If you touch SessionDBI for every request, why don't go directly to the
Basic Authentication ? Using AuthCookie would 1) slow down the
authentication process (because an extra MD5 hash calculation) and 2) drop
off 10% of users who have disabled the cookie.
One of the nice features in the AuthCookie, and ticketing authentication
systems in general, is that the ticket is self-consistent. So one can check
if the ticket is valid without calling any DBI (instead, it calculates a
MD5). Repeating SELECTs/UPDATEs to DBI does hurt much the performance of a
high traffic site.
My 2 cents.
Peter Bi
[EMAIL PROTECTED]
>>>>..........................
> If someone comes in with an old active session (assuming it's not
> expired) AuthCookie examines the MD5 hash and says "everything matches
> up, you may proceed". I need to add a step here to say "if newer
> session for user exists, kill this one". But you've just given me a
> great idea! When the old session comes in, there will still be data in
> the session (because the new session is using it - sessions are keyed by
> user id, not session id). So I can't rely on an empty session data to
> be the clue. BUT - I can store the session key that generated this
> session data in with the session data, and try to match those up. I
> like it. This will work, I think.

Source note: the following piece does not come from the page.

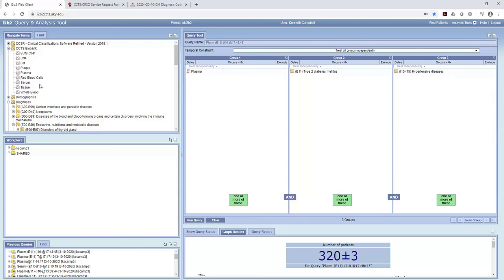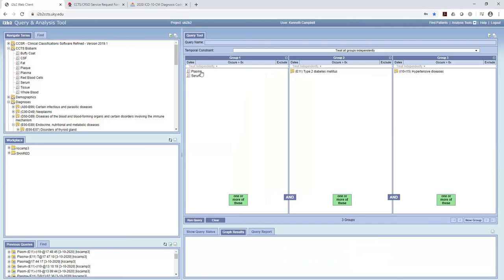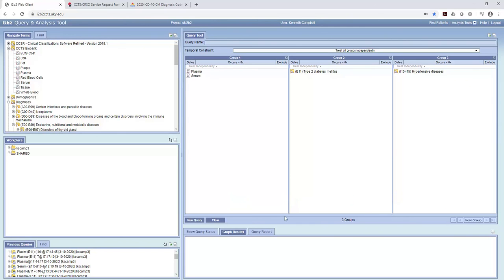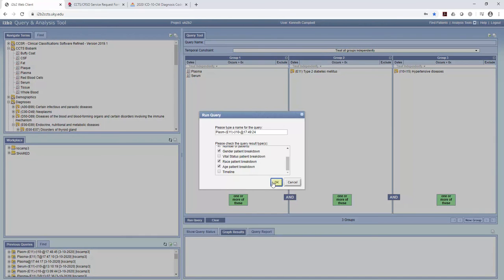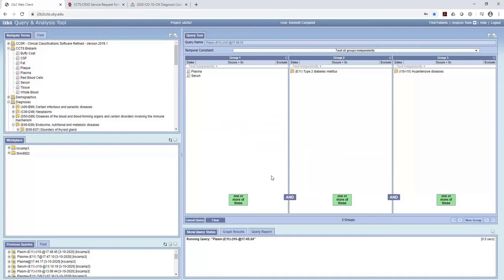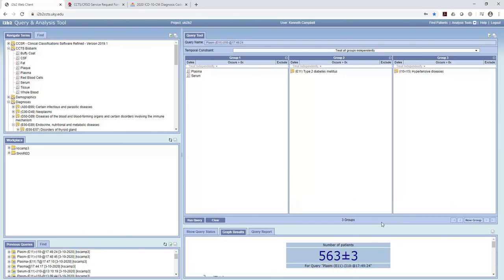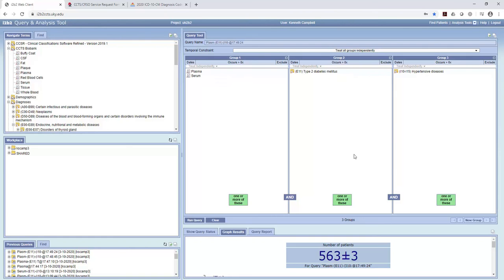And then let's just add in serum. And now what we're searching for is plasma and or serum. So it'll search for both of these who have those two medical conditions. Run that query. And so we captured an additional number of patients because we're now searching for plasma or serum, diabetes, and hypertensive disease.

Thank you. =) Why do I use the user
> id instead of the session id for the session key? Because it makes the
> code easier for other developers ("a user will always have a session
> with the key $r->connection->user") and that gets passed around
> automatically rather than me having to expose the developers to the
> AuthCookieDBI cookie directly. I just find it easier to rely on
> $r->connection->user to always be the session key.